However, I am not sure how to run it with Dogs vs Cats:Redux. data. I downloaded the train and test files from kaggle using kaggle-cli but there are not separated into dogs/cats images. Can you explain in more details how we are supposed to run the vgg on this new data and submit it?


@layla.tadjpour you’ll need to write a script that separates it into the correct folder names. If you get stuck, you’ll find one written for you by @vshets that you could look at for inspiration in this thread: Kaggle Questions


Anyone else having an issue where the after the model is finetuned to make predictions on the dogs vs cats redux data, the predictions are binary? When I generate predictions on dogs/cats data with the vgg model before fine tuning, I get fractional probabilities for each of the 1000 imagenet categories (eg. .23 likelihood of Egyptian cat). However, after finetuning, I never get any predictions with fractional probabilities between 0 and 1, they’re always exactly 0 or exactly 1. The reason I ask is because the scoring function on kaggle is more forgiving of incorrect predictions closer to .5, eg for a given example, .55 likelihood of dog, .45 of cat, rather than 1 of dog, 0 of cat.

1 Like

I’m having the same issue, but in addition it’s assigning classes of goldfish and tench to the images instead of dog and cat. These are the first two classes in the original vgg/imagenet model, so I guess Keras didn’t pull the names from the training directory structure?

I can totally replace the labels, but I get the idea I’ve missed something.

@tom / @jbrown81 please let us know exactly what code you’re using, and what results you get - some tips on asking for help are here: http://wiki.fast.ai/index.php/How_to_ask_for_Help . Once we have this info, I’m sure we’ll be able to resolve your problems.

Can I reflect back what I think the todo list is for lesson 1?

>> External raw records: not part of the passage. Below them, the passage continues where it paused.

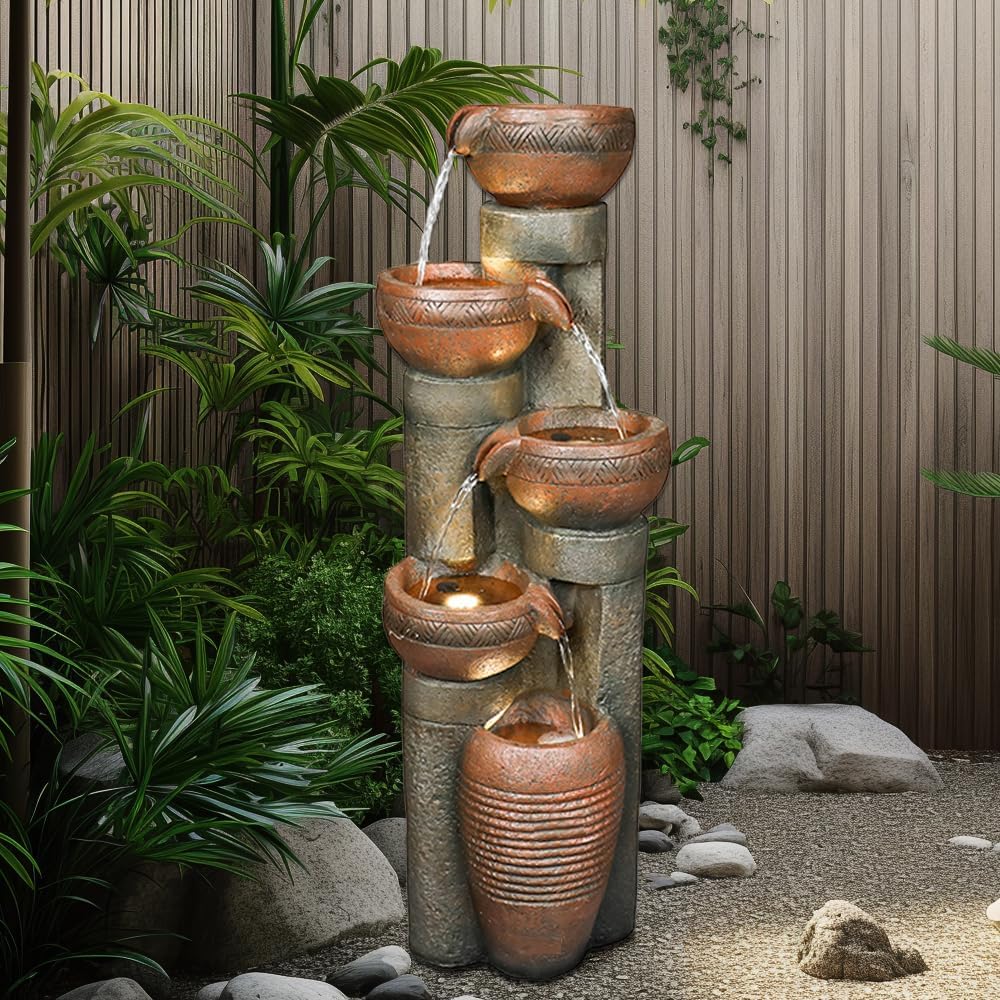 Resin Copper Bowl Cascading Column Fountain 39 Inch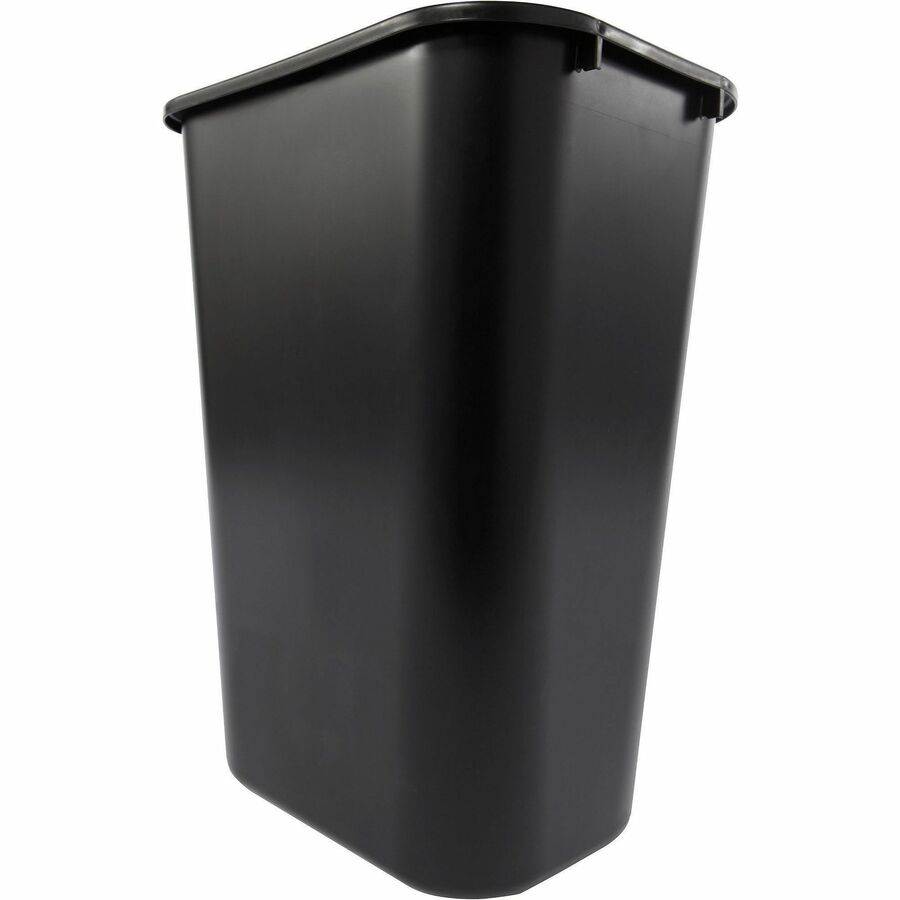 Rubbermaid Commercial 41 QT Large Deskside Wastebaskets - 10.25 gal Capacity - Rectangular - Dent Resistant, Durable, Rust Resistant, Easy to Clean - 20" Height x 11.3" Width x 15.3" Depth - Plastic - Black - 12 / Carton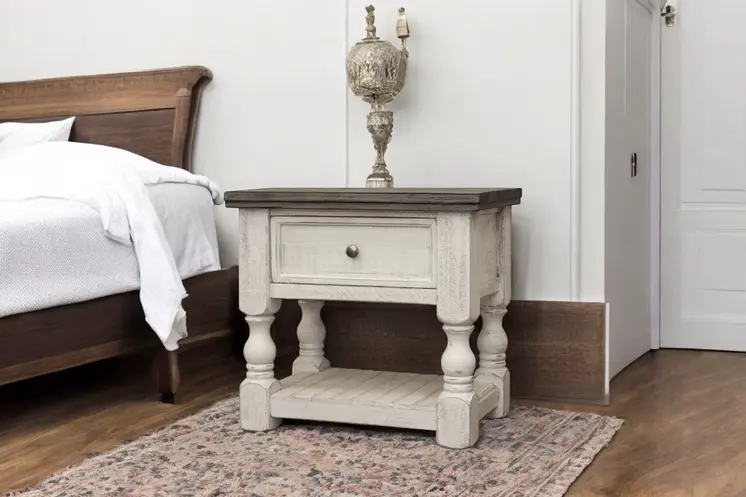 27" Ivory Solid Wood One Drawer Nightstand
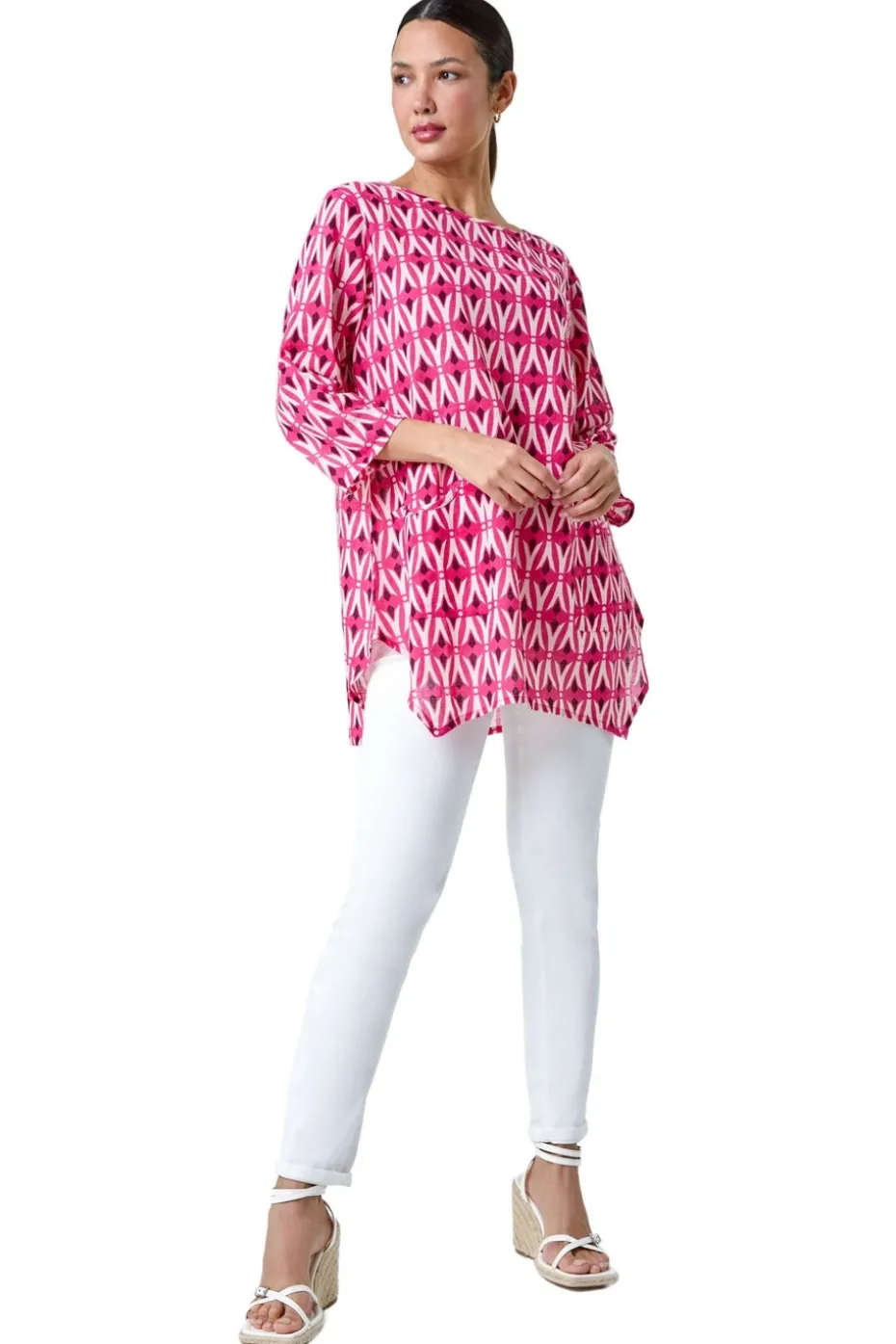 Roman Pink Cotton Geometric Pocket Longline Tunic Top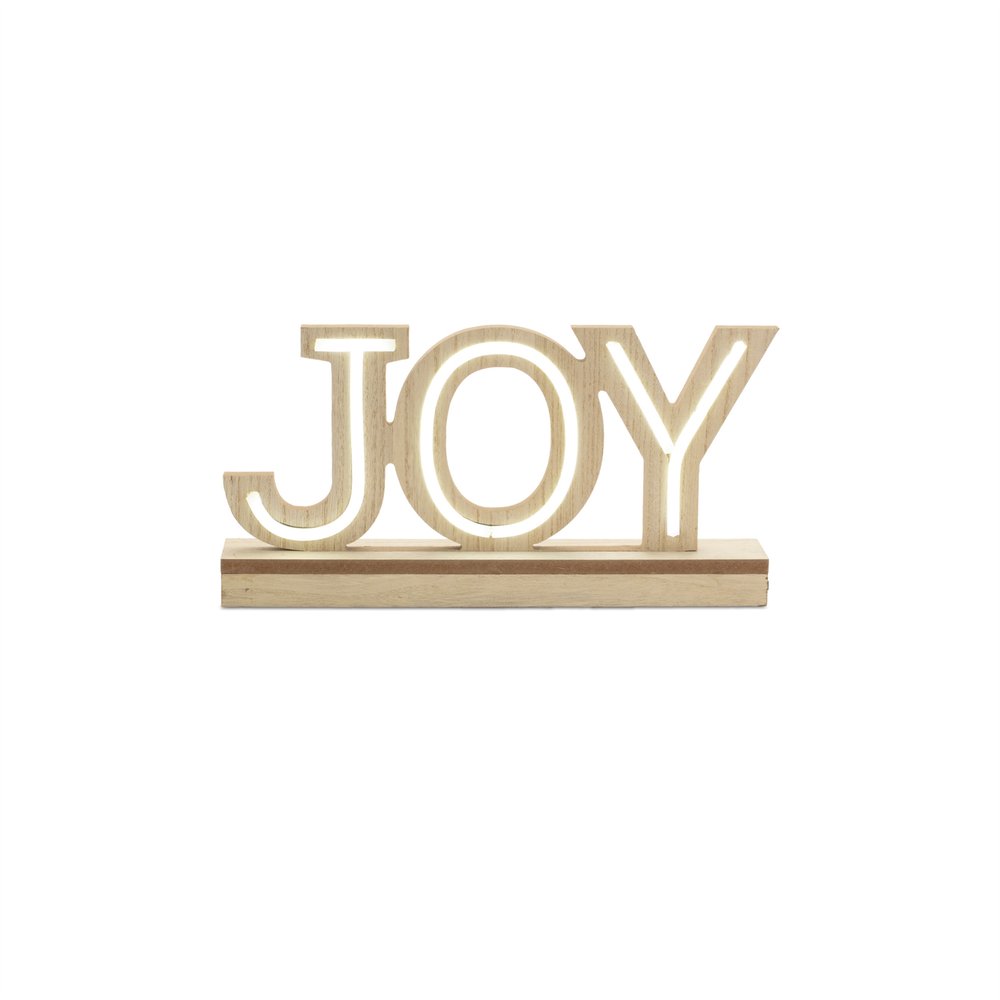 Set of Two Beige And White Christmas Tabletop Sign with LED HomeRoots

  1. Get AWS instance running (either g2 or m4 if not yet approved for g2) after contacting support etc.
  2. Setup ssh keys as per instructions in setup video
  3. install bash setup script onto server instance
  4. launch jupyter notebook on the instance
  5. once the notebook is running, review the lesson 1 notebook notes and run each cell of code to figure out what python and vgg is doing
  6. install kaggle CLI onto the server instance
  7. use the kaggle CLI to download the current data for the Dogs vs. Cats Redux competition
  8. configure the new data to the file structure in the same way that was used in the sample lesson 1 notebook
  9. make a copy of the lesson 1 notebook and use the new copy to draw in the new Dogs Vs. Cats data (including moving utils.py and vgg16.py to the new folder where the new notebook sits?)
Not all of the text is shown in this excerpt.